The rebuke from the Civilian Review and Complaints Commission adds to a list of racist or unconstitutional conduct by the RCMP’s Community-Industry Response Group (C-IRG).
Last week, a B.C. judge found C-IRG violated Charter rights by making “grossly offensive, racist and dehumanizing” remarks about First Nations women during another raid on Wet’suwet’en-led blockades against Coastal GasLink pipeline construction in 2021.
Last fall, the review body lambasted C-IRG for its wrongful arrest of hiker Brian Smallshaw, criticizing the unit for its “disproportionately intrusive methods,” at the Fairy Creek anti-logging blockades in 2021.
Meanwhile, the complaints commission is already conducting a systemic investigation into the unit, which was renamed the Critical Response Unit, or CRU-BC, amid the federal probe last year.
While it’s taken years, Cox suggests chickens are coming home to roost for a unit that documents show was created to defend pipelines from Indigenous activists and environmentalists.
“The systemic review that comes out later this year is going to be perhaps even more scathing, and I hope that that leads the RCMP to get rid of the C-IRG,” said Cox.
“I don’t think the C-IRG is defensible.
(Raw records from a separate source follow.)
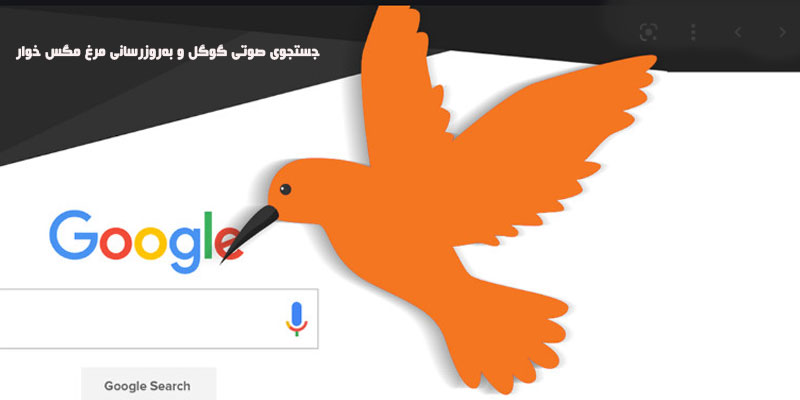 جستجوی صوتی گوگل و به‌روزرسانی مرغ مگس خوار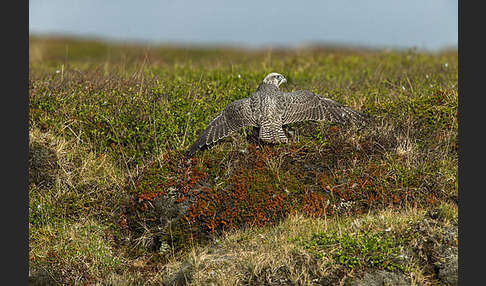 Gerfalke (Falco rusticolus)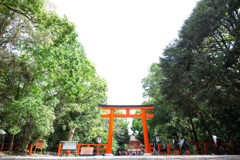 下鴨神社にて。　Ⅰ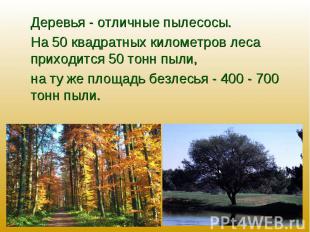 Деревья - отличные пылесосы. На 50 квадратных километров леса приходится 50 тонн
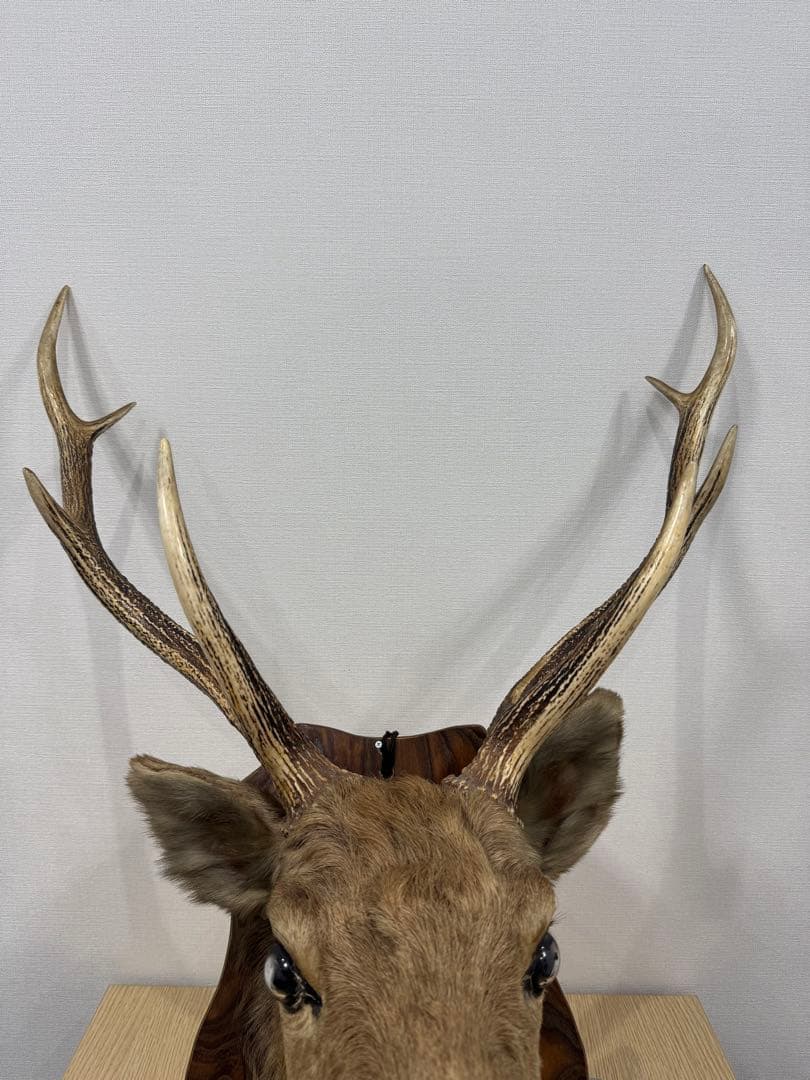 ハンティングトロフィー　蝦夷鹿　剥製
I don’t think it’s redeemable. It is a really bald faced exercise in policing at the service of industry.”
Turner was assigned to cover Wet’suwet’en resistance to the Coastal GasLink pipeline in 2020. That February, RCMP swept in to enforce an injunction against blockades interfering with pipeline construction.
Turner was previously granted access to the area, the review says, but an RCMP member told him that the “rules had changed.” Instead, Mounties excluded Turner, detained him for hours and threatened him with arrest, heavily curtailing his freedom of movement.
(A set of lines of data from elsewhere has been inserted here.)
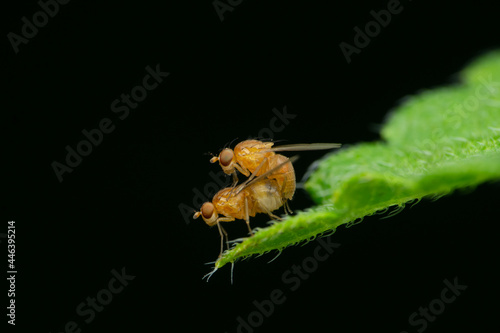 Mating pair of fruit fly, Drosophila melanogaster, Satara, Maharashtra, India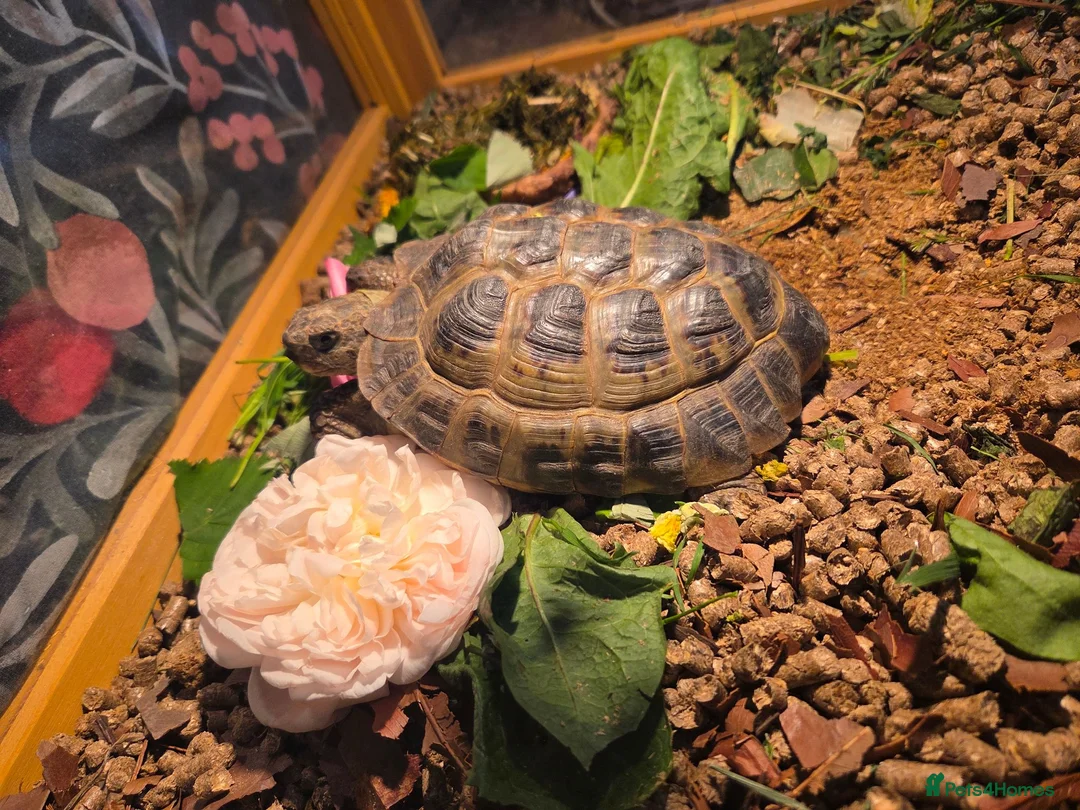 Tortoise reptiles for sale: Russian Tortoise in Wallasey - Advert 1
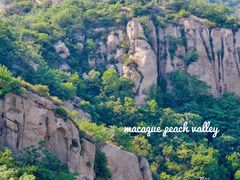 -大岭沟猕猴桃谷风景区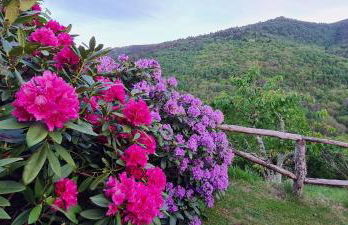 Apartamentos Rurales El Bosque de las Viñas - Photo 48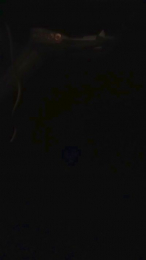 Evamm84 webcam model stream image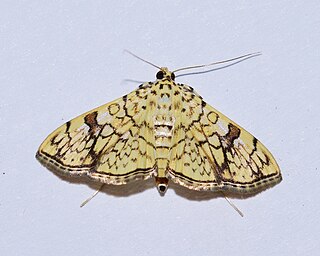 <i>Haritalodes polycymalis</i> Species of moth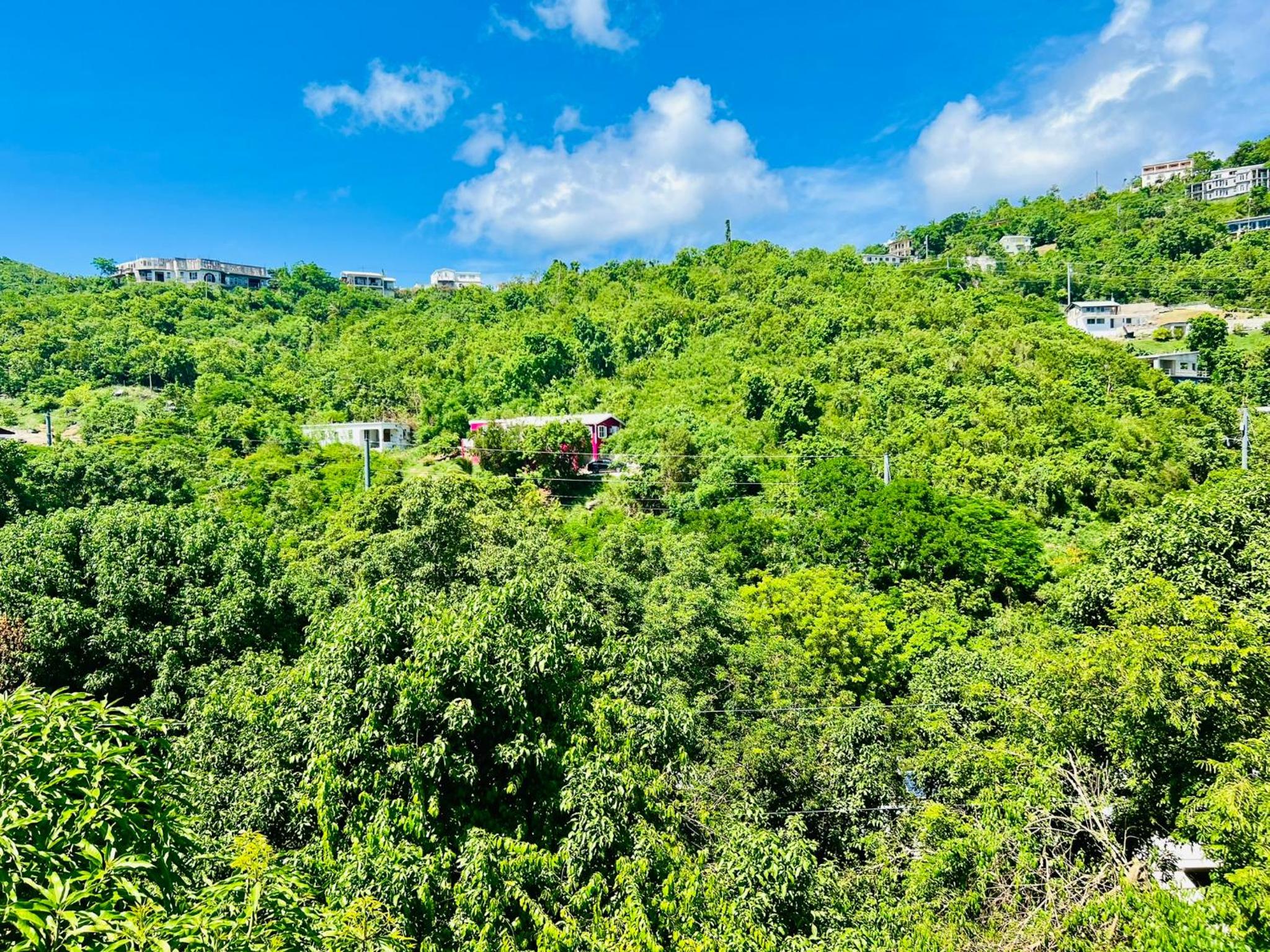 3-bedroom house with free SUV view 2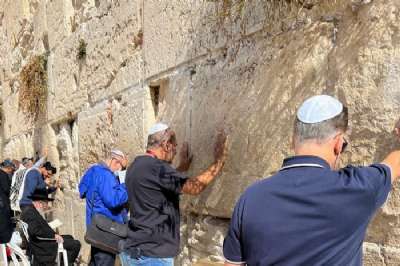 WhatsApp Image 2024-09-24 at 17.07.43 (8).jpeg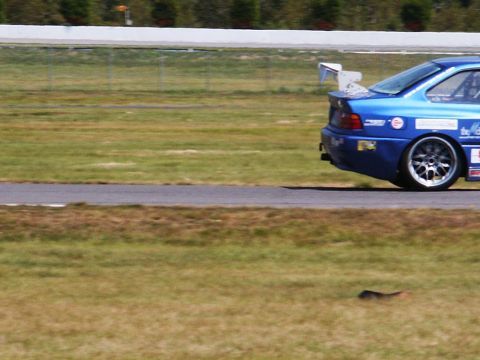 2001 Mercury Grand Marquis - A blue race car with a large rear spoiler is seen from the rear on a grassy track.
‘Overreach of police powers’
In the 70-page final report, the commission says the RCMP’s use of “access control points and exclusion zones” was unreasonable, calling the threats to arrest Turner groundless and his subsequent detention unjustified.
The RCMP’s conduct was “imperious, ill-considered, and arguably unlawful,” and the report expresses concern that the media barriers were “a feature, not a bug,” of the operation’s design.
“The RCMP’s unreasonable conduct … caused a substantial and serious interference with the freedom of the press, including Mr. Turner’s ability to report on an important Indigenous matter in the public interest, inconsistent with the common law and the Canadian Charter of Rights and Freedoms,” the commission says.
The report says the RCMP approached Turner and other reporters with disquiet and distrust, relying on coercive powers to exclude and control rather than constructive dialogue. This distrust was grounded in “vague and speculative” concerns activists may be posing as journalists.
“Officers can deal with such cases when they have reasonable suspicion of specific wrongdoing, but it is unreasonable to treat the media as potential adversaries in blanket fashion,” the commission says.
“This leads to potential suppression of freedom of the press and an overreach of police powers.”
The review comes after the RCMP investigated and cleared itself of misconduct in the case, as the commission can only review complaints where the complainant is dissatisfied with the RCMP’s investigation.
In response, the RCMP commissioner agreed with all the findings and promised to act. The force supported all the recommendations except one, which calls for a standardized policy for accrediting reporters.
“There are operational and logistical barriers in implementing an effective policy for unplanned events such as protests,” RCMP Commissioner Mike Duheme said in a letter to the Civilian Review and Complaints Commission.
Cox and Turner were also concerned by that recommendation but for a different reason.
“That’s just a step towards totalitarianism, having the Canadian national police force determine who gets to be a journalist,” said Turner.
As for Coastal GasLink, the pipeline is now mechanically complete and awaiting completion of an LNG Canada export terminal in Kitimat, B.C.